Two things help keep this strangely common query alive:
- The annual Inca Trail closure — The classic Inca Trail closes every year for the whole of February. This one-month hiatus allows maintenance teams to keep the trail in good order by cutting back vegetation, tidying up the campsites, removing trash and repairing general wear and tear along the trail. Machu Picchu does not close in February.
- Rumors — Machu Picchu closure rumors seem to flower and fade throughout the year, all of them spurious and ultimately fruitless. Where these rumors come from is anyone’s guess, but they might tie-in with the Inca Trail closure in February, as well as frequently voiced concerns regarding erosion of the site and how best to protect it (closure being a logical, albeit extreme, option).
Is Machu Picchu Likely to Close in the Future?

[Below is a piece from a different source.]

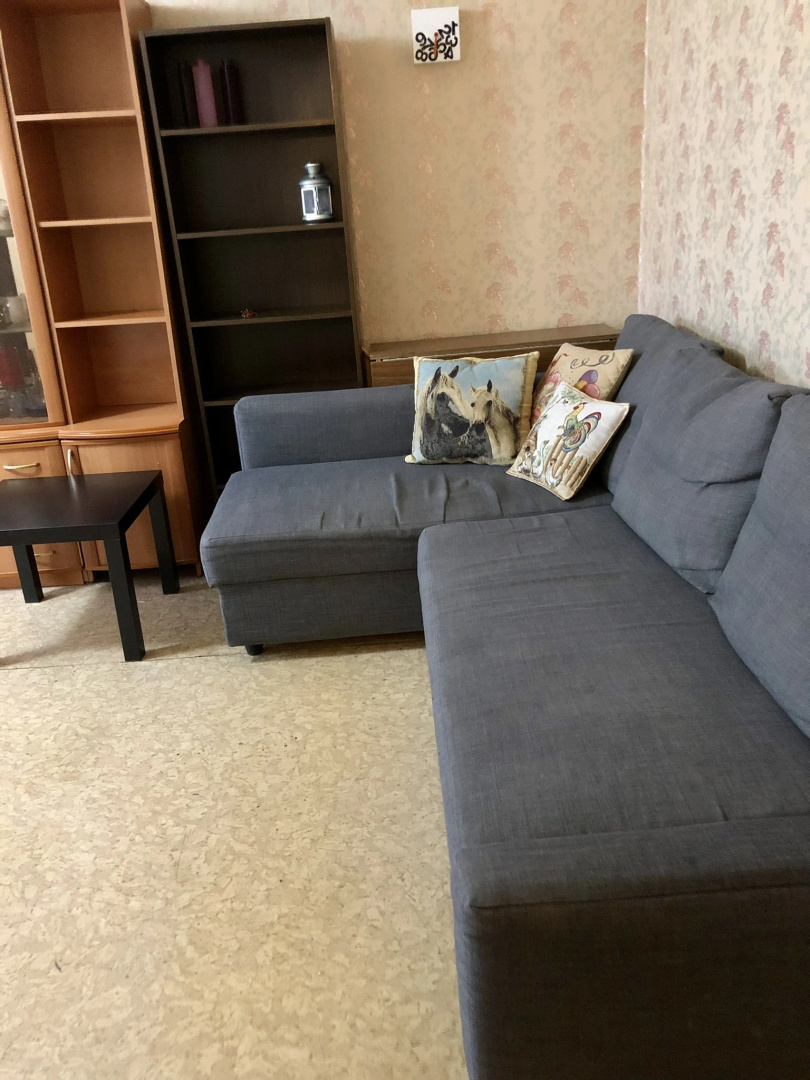 Квартира на проспекте Менделеева 12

Of course, certain events can force a temporary closure. In late-January 2010, torrential rains damaged the local rail and road infrastructure and left tourists stranded in Aguas Calientes (Machu Picchu Pueblo). South America’s most popular tourist attraction remained closed for two months. It was officially reopened — to much joy and relief — on April 1, 2010. Martin Perez, Peru’s Tourism Minister at the time, told the BBC that the two-month closure amounted to a loss of revenue totaling $185 million (other estimates place the financial loss at more than double that amount).
Understandably, Peruvian authorities are highly averse to shutting the Inca citadel. After all, you don’t cook the goose that lays the golden eggs.
One thing is for sure: if Machu Picchu does ever close — for whatever reason — it will be big news. BIG NEWS. You’ll certainly hear about it here and across the global travel-related media. As things stand, Machu Picchu is open to the public every day of the year from 6:00 am to 5:00 pm (or thereabouts).
In general, therefore, feel free to ignore all Machu Picchu closure rumors — just keep an eye on the weather.